The report examines five “waves of disappearance” in Iraq, including enforced disappearance. It covers the period starting with the Ba’ath era from 1968-2003 – characterized by the authoritarian rule of Saddam Hussein – through to the anti-Government protests from 2018 to 2020. 

More work ahead 

The UN Committee is comprised of 10 international rights experts who monitor global implementation of the Convention against enforced disappearances.   

While acknowledging the serious challenges the authorities face in addressing the situation in Iraq, the experts were deeply concerned that enforced disappearance has been widespread over different periods, and that impunity and revictimization prevail. 

“The visit constitutes a new step in the Committee’s interaction with Iraq, one of the first countries to ratify the Convention,” they said, adding, “but lots remain to be done.” 

Unsplash/Levi Meir Clancy

Iraqi children walk past a marketplace in Sinjar which was ruined in the war with the Da’esh terrorist network, otherwise known as ISIL.

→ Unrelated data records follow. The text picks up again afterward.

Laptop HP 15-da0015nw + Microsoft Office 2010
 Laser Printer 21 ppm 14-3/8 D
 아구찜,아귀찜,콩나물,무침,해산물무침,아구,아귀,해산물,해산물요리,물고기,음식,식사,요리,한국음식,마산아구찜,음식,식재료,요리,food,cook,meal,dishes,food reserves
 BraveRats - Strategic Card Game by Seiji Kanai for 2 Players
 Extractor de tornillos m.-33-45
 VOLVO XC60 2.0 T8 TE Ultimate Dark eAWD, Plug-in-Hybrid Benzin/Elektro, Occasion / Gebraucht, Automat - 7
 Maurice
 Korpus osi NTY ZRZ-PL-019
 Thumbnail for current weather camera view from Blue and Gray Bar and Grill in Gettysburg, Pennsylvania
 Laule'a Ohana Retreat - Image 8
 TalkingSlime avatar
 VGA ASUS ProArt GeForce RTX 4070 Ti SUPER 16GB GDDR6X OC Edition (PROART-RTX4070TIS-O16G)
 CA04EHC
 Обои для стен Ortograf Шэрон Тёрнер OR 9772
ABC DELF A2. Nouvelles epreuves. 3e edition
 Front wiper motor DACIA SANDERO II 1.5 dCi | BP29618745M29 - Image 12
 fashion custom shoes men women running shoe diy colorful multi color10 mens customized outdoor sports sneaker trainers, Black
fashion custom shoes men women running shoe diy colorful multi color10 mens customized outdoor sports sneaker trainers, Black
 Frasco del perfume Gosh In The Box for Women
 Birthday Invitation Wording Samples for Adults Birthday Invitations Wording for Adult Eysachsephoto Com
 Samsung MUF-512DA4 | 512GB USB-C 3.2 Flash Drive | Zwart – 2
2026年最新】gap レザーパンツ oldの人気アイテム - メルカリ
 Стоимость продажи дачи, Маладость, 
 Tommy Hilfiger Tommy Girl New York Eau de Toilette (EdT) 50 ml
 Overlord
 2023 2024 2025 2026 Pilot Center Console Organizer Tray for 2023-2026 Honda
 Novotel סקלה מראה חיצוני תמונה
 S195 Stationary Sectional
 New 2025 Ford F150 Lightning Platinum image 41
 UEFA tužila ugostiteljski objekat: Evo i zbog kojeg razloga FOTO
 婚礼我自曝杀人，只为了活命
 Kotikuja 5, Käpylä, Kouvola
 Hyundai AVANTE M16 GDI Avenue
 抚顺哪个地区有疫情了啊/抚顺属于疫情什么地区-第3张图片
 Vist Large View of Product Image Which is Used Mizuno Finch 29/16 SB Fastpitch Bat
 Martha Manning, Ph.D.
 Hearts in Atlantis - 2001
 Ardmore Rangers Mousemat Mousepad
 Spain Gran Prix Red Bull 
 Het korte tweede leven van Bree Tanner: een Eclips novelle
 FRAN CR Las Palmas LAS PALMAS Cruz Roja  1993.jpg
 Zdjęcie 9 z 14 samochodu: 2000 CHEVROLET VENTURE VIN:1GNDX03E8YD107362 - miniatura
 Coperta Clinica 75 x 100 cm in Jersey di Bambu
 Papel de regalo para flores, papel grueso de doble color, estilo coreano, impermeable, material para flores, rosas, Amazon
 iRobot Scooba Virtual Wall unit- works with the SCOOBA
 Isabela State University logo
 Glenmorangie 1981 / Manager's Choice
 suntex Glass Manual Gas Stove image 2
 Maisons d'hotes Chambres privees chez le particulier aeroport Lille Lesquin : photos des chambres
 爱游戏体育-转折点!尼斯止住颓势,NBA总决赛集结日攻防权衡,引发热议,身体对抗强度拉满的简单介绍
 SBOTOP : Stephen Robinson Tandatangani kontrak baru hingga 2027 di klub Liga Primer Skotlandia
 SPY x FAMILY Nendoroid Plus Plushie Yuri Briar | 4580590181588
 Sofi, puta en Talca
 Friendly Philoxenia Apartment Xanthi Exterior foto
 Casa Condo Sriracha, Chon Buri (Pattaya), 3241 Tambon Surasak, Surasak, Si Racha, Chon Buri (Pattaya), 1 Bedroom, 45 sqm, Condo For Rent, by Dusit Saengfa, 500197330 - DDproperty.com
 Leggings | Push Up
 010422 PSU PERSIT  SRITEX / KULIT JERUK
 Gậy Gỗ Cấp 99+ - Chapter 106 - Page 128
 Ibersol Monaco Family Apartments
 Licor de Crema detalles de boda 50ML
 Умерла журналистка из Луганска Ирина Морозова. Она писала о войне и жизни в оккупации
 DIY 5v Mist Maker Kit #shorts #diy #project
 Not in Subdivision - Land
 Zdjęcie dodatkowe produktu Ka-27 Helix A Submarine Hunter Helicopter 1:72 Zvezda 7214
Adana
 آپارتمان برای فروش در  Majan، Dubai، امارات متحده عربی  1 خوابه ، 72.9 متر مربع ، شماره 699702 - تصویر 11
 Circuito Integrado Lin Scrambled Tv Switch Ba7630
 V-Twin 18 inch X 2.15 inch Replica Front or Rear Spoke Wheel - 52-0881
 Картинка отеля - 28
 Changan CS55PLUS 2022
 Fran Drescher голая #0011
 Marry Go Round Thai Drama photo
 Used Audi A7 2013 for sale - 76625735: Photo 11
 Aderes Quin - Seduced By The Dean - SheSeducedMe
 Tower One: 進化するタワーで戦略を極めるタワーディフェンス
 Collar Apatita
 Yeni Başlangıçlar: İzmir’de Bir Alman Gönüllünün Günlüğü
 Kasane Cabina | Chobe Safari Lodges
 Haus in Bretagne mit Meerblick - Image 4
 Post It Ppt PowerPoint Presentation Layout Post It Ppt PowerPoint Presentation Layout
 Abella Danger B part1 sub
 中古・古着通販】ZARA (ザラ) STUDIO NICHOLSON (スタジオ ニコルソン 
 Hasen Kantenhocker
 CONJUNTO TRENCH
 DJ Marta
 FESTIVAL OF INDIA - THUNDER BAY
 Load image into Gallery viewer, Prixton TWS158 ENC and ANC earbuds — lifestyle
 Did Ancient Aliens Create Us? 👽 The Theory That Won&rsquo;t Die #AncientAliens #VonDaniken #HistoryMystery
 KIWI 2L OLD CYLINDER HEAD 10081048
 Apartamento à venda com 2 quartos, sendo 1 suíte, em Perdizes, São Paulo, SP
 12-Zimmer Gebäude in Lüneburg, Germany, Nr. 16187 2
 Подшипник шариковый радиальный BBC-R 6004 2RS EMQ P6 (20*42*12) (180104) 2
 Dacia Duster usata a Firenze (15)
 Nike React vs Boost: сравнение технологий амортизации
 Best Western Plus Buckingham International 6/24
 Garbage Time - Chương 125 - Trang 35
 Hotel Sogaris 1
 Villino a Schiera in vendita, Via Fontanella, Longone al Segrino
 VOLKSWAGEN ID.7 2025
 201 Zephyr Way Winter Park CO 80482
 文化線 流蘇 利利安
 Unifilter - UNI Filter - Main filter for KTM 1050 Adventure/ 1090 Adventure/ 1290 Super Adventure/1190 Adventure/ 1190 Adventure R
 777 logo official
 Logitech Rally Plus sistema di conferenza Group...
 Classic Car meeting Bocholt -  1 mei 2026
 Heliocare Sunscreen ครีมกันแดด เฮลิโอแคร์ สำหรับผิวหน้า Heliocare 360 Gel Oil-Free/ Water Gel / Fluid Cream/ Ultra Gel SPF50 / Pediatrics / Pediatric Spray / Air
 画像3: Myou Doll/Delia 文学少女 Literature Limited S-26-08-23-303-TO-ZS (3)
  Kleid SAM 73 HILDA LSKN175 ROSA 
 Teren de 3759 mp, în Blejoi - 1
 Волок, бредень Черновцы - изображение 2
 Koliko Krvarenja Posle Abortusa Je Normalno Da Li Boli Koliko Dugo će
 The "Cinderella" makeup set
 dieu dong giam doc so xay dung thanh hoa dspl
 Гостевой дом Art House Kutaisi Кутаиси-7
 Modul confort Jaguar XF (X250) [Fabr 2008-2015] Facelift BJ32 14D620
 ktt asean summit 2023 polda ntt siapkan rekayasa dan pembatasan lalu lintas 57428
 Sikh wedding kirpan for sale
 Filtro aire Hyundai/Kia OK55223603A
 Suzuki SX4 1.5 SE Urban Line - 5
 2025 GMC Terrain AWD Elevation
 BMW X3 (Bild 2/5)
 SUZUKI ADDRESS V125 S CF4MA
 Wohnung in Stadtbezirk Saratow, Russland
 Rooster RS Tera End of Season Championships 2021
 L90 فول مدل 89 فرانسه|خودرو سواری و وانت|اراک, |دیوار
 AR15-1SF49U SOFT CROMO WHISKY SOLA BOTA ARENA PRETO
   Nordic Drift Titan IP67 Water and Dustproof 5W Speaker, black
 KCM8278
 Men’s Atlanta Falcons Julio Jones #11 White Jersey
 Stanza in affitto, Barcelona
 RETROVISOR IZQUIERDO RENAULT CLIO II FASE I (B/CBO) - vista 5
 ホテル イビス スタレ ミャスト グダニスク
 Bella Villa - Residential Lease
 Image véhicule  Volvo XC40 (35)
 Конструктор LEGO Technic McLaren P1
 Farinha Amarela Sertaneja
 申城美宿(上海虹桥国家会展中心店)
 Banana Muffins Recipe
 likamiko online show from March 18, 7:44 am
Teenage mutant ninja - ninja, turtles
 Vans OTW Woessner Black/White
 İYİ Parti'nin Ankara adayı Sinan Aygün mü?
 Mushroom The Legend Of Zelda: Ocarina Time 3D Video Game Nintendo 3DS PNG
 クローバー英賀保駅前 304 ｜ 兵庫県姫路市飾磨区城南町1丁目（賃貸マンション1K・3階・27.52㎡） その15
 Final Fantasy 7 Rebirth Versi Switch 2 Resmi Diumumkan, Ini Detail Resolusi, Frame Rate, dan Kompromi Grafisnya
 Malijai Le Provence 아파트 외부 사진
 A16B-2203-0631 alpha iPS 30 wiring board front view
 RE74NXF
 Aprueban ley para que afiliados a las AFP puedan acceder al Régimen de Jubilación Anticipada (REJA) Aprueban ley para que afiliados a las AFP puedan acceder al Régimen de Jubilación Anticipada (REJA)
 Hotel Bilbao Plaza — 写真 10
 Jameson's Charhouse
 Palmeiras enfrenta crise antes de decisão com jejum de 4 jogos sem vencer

Ongoing patterns of disappearance 

The Committee met with senior officials, victims, and civil society representatives in Iraq.   

Members heard numerous testimonies from victims, including a mother whose son disappeared after being stopped at a checkpoint while going to visit a cousin.  Her story was indicative of an ongoing pattern in Iraq, according to the Committee. 

Children ‘given’ away   

Another common pattern concerns the alleged enforced disappearance of children, particularly from the Yazidi minority community, born after their mothers were sexually abused in camps operated by the extremist group ISIL or Da’esh. 

The Committee learned that, in some cases, mothers were compelled to leave their children in orphanages after returning to Iraq, intending to take them home as soon as possible.  

However, when they went to reclaim them, the mothers were told that their children had been “given” to another family, allegedly with direct involvement of some State agents. 

A ‘massive’ problem 

Hundreds of families are also still searching for relatives they suspect are in camps in Türkiye, Syria, or Iran, “where contact with the outside world is impossible”, the Committee said. 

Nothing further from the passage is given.